Когда-то, давным-давно, еще в конце XII века, на вершине водораздела между Балтикой и Каспием стоял мощный новгородский город-крепость Березовец. Многие работали здесь на волоке. Рядом был большой посад – Березовский Рядок с торговыми рядами. Но время, этот повелитель судеб, привело город-крепость в упадок, и только большой холм остался на месте некогда могучего городища, да село Березовский Рядок рассыпалось немногочисленными горошинами домов вдоль Березовского плеса.
Привыкшие к тому, что в каждом селении, где нам доводилось побывать, перед нами раскрывалось самобытное естество русской жизни, русской красоты, мы ждали подарка судьбы и на этот раз.
Березовский рядок встретил нас картинами тихой деревенской жизни. Вдалеке виднелась стоящая посреди луга, словно игрушечная, новенькая церквушка. На возвышении небольшого пустыря на окраине села расположилась ярмарка из двух заезжих машин, предлагавших немногочисленным покупателям джинсы, зубные щетки, чайники и другую бытовую утварь. Где-то лаяла собака. Одиноко мычала корова. Мимо нас, о чем-то непринужденно беседуя, прошли местные мужички. Где-то совсем рядом слышался стук молотка.
Дорога, обрываясь у небольшого огорода, расползалась змейками тропинок в разные стороны. Замешкавшись, мы гадали, по какой идти. Стук молотка вонзался в воздух редкими тяжелыми ударами, заставляя наши взгляды искать его в пространстве.
Низкий бревенчатый забор небольшого огорода требовал ремонта, накренившись, словно в изрядном подпитии к дороге. Морщинистые женские руки прилаживали к забору потемневшую от времени доску. На вид этим рукам было куда больше шестидесяти, но молоток слушался их, вгоняя гвозди в изношенное тело забора.
Женщина не отказалась от нашей помощи, и руки ее, теперь свободные, устремились вверх, чтобы поправить выбившиеся из-под косынки седые волосы их обладательницы. Морщинистое лицо и набухшие на руках вены бестактно выдавали возраст.

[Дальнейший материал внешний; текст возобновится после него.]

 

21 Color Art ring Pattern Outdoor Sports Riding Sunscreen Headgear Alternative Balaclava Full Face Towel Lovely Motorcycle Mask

– Спасибо вам большое за помощь, – благодарно улыбнулась женщина, когда забор общими усилиями был починен.
Морщинки на ее лице, разливаясь солнечными лучиками, словно засветились.
– Не на кого мне надеяться, – словно оправдываясь, заговорила женщина, – сколько лет уж одна! Мужа похоронила, дети по городам разъехались. Так и живу. В деревне сейчас трудно, а молодежь трудностей не любит. Выучатся в институтах, а работы нет. Вот и уезжают из деревни. Это нам, старикам, ехать некуда, да и незачем. В жизни что главное? Мудрость постичь, мудрость жизни, силу души познать, себя найти. Я нашла. Мои это места. Люблю я их. Вон, на холме, – она показала на высокий холм древнего городища, – могила генерала Шевчука. Он погиб, защищая наши земли, нас, тогда совсем маленьких ребятишек. Память о нем мы должны сберечь, чтобы в памяти детям своим глубину корней наших передать, силу характера.

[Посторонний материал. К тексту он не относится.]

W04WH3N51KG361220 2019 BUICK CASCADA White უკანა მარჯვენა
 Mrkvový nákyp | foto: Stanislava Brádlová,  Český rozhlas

Ее надтреснутый голос словно приоткрыл душу обычной русской женщины.
– Идемте на холм, – засуетилась вдруг она, – покажу я вам обелиск погибшему генералу, места наши с высоты старого городища покажу.
По лугу, местами через гати, повела нас женщина по узкой тропинке к святыням своей земли. Вдруг подумалось: «С чего начинается Родина?» Женщина шла, поднимаясь по высокому холму над Березовским Рядком, над старым городищем, над временем. Солнце купало ее в дожде золотого света, вплетая ленты лучей в серебро волос. В золотом тумане, словно видение, образ женщины вдруг превращался то в розовощекую кустодиевскую барышню у источника, то, словно кадром кинопленки, на миг представал в облике пышногрудой молочницы.
На самой вершине холма, куда мы наконец-то поднялись, устремился к небу обелиск. Женщина, положив полевые цветы, сорванные по дороге, стояла молча, глядя куда-то вдаль. Солнце короной украшало ее голову. Пьедесталом ей, пьедесталом отразившемся в ней образе самобытной деревенской красоты русской женщины служил холм старого городища.